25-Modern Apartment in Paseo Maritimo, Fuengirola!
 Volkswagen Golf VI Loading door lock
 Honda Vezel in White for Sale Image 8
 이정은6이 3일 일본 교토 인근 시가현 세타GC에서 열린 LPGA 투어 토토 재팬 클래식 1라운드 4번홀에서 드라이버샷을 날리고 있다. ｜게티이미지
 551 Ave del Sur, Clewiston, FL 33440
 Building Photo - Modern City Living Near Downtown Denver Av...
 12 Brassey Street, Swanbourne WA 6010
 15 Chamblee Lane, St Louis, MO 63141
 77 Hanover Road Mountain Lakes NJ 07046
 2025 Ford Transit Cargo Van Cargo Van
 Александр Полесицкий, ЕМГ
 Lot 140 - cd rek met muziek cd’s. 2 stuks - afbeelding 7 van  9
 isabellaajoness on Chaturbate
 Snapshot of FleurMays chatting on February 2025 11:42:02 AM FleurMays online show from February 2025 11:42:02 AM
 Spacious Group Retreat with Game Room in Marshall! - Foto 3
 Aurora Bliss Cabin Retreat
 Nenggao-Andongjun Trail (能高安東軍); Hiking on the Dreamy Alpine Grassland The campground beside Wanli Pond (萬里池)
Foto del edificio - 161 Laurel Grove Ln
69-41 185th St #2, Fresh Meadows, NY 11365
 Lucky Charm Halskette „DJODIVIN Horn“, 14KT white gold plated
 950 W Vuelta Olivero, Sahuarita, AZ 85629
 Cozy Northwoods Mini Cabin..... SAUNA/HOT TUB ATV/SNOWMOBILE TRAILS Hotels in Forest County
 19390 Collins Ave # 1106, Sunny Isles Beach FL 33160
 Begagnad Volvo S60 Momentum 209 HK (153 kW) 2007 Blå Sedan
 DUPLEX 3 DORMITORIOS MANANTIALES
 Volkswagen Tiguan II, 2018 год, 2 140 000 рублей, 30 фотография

* * * * *

Task requirements: Scan the entries above for the word "Cabin". Report the lines that hold it.

Solved exercise:
 Aurora Bliss Cabin Retreat
 Cozy Northwoods Mini Cabin..... SAUNA/HOT TUB ATV/SNOWMOBILE TRAILS Hotels in Forest County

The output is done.